Il nodo delle fonti e il metodo dell’intelligence al vaglio dei giudici

Un aspetto particolarmente interessante, che emerge con chiarezza dalla lettura della sentenza e che getta una luce significativa sull’intera vicenda, riguarda le prove portate dall’Ufficio federale a sostegno della propria tesi. I giudici hanno rilevato come il Bfv abbia fondato la sua valutazione esclusivamente su fonti apertamente accessibili al pubblico, come dichiarazioni pubbliche dei leader, programmi elettorali e documenti ufficiali diffusi dal partito. Non sarebbero stati presentati, in questa fase sommaria del giudizio, elementi riservati o informazioni raccolte tramite attività di intelligence che potessero dimostrare l’esistenza di un disegno più ampio e occulto, tale da far propendere per una caratterizzazione incostituzionale dell’intera organizzazione. Questa osservazione critica da parte del tribunale, riportata anche dalla stampa specializzata tedesca come la Süddeutsche Zeitung, finisce per indebolire ulteriormente la posizione dell’agenzia governativa, suggerendo che la sua valutazione si basasse più su un’interpretazione degli elementi pubblici che su prove inconfutabili di una cospirazione antidemocratica. Il concetto di "remigrazione", tanto caro all’ala più radicale del partito, è stato giudicato troppo vago nelle formulazioni pubbliche per poter dedurre che vi sia un obiettivo concreto e immediato di espulsione di massa dei cittadini con ascendenze migratorie, e mancano, sempre secondo la corte, prove certe che dietro quella parola d’ordine si celi un programma politico specifico e attuabile volto a violare la dignità umana sancita dalla Costituzione.

La reazione politica e il differente trattamento nei Länder orientali

La notizia ha scatenato reazioni contrapposte nel panorama politico tedesco.
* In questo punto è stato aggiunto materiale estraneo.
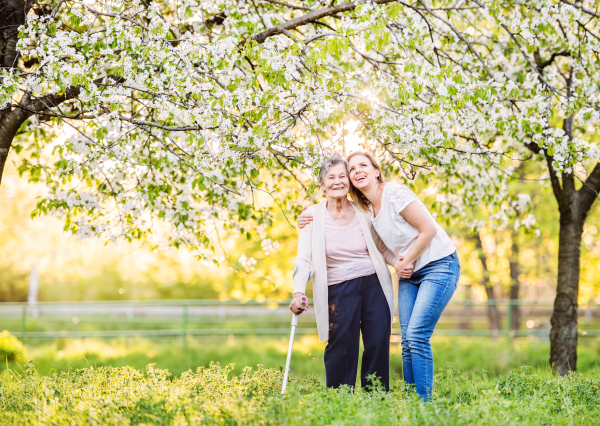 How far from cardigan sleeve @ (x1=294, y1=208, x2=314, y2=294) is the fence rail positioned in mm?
4513

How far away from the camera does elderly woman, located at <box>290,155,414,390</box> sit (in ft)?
12.9

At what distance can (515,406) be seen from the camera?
3.45 metres

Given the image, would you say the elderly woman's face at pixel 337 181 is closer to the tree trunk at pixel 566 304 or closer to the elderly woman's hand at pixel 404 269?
the elderly woman's hand at pixel 404 269

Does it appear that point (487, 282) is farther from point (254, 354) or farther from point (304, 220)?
point (304, 220)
I leader di Afd, come era prevedibile, esultano: Weidel ha parlato di "una grande vittoria non solo per il partito, ma per la democrazia e lo Stato di diritto", sottolineando come la decisione rimetta al suo posto un tentativo, a suo dire pretestuoso, di mettere al bando l’opposizione. Dal canto suo, il governo federale guidato da Friedrich Merz, pur prendendo atto del verdetto, ha tenuto a precisare, per bocca del ministro dell’Interno Alexander Dobrindt, che nulla cambia nell’immediato in attesa della sentenza definitiva, e che Afd continuerà a essere monitorata come "caso sospetto". Va tuttavia rimarcato come la sentenza del Tribunale di Colonia abbia valore sulla classificazione federale, ma non incida sulle valutazioni già espresse a livello regionale. In ben quattro Länder della ex Germania Est, come la Sassonia, la Turingia, la Sassonia-Anhalt e il Brandeburgo, le sezioni locali di Afd continuano a essere ufficialmente considerate dalla rispettive sedi del Bfv come formazioni accertate di estrema destra. A queste si è aggiunto recentemente anche un Land occidentale, la Bassa Sassonia, dove appena una decina di giorni fa è stata emessa una analisi analoga. Una situazione, questa, che crea un quadro giuridico disomogeneo e potenzialmente paradossale, con lo stesso partito che in alcune parti del Paese viene trattato alla stregua di un’organizzazione pericolosa per la democrazia e a livello federale no, una dicotomia che alimenterà ulteriori contenziosi e dibattiti nelle prossime settimane, soprattutto in vista delle cinque scadenze elettorali regionali che attendono la Germania nel corso dell’anno.